Atomos Ninja and Shogun Flame Review
Cloakroom Media & Flying Dragon Aerial teamed up on a TVC production for Tesla Motors Australia. We were given two production days to complete the filming, and had put together some cutting edge kit to film from the land and the skies. Included in our arsenal was a pair or Freefly Systems ALTA’s coupled with MoVI M15’s, a Freefly Systems TERO, and a DIY camera chase vehicle, equipped with a DJI Ronin mated to a porta-jib.
The camera of choice was the RED Epic Dragon, we used two of these to decrease setup times between each sequence.
Typically we have been using the Atomos Shogun & Assassin to monitor and record for playback, which have proven to be trouble free and effortless to use, minus a few common drawbacks. As remote Aeriel capture is 95% operated outdoors, we found it generally requires the use of sun hoods, along with really bright nit LCD screens to gauge accurate framing, focus, exposure and camera settings. We were delighted to be invited to test out two pre release products labelled the Atomos Ninja & Shogun Flame, which boasted a new 1500 nit screen and AtomHDR.
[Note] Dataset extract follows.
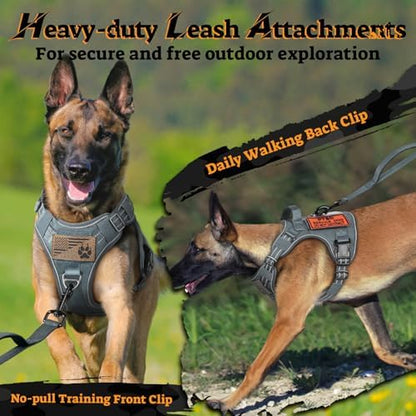 rabbitgoo Tactical Dog Harness Medium Sized, No Pull Service Pet Vest - Image 7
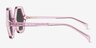 Razzle Violet PlastiqueSoleil de Lunette de vue d'EyeBuyDirect, Vue de Côté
Before we go into the experience with the two monitors, here are some features we found worth noting compared to the previous models:
- Shogun Flame is both HDMI & HD SDI IN/OUT
- Ninja Flame is HDMI IN/OUT only
- Eye popping 1500 nit LCD panel
- New improved lightweight casing with bigger heat sink
- Dual Sony L-Series battery plates
- Same drive caddy as Assassin / Shogun 4K recorders
- 4 rubberized corners – Yellow for Shogun / Red for Ninja
- Pre loaded with ATOM HDR viewing
- Pre loaded LUTS for common log gammas
- Identical recording options as Shogun / Assassin
- All new sun hood design (was not available during test)
- DC input appears reliable compared to previous model
- New battery chargers with 4 LED indicators
We setup the Shogun flame in a directors cage along with the Connex wireless HDMI receiver, which all was powered by a V-lock battery (Pictured below).
The Ninja Flame was hard mounted on a stills tripod with the same Connex / LiPo battery setup (pictured below).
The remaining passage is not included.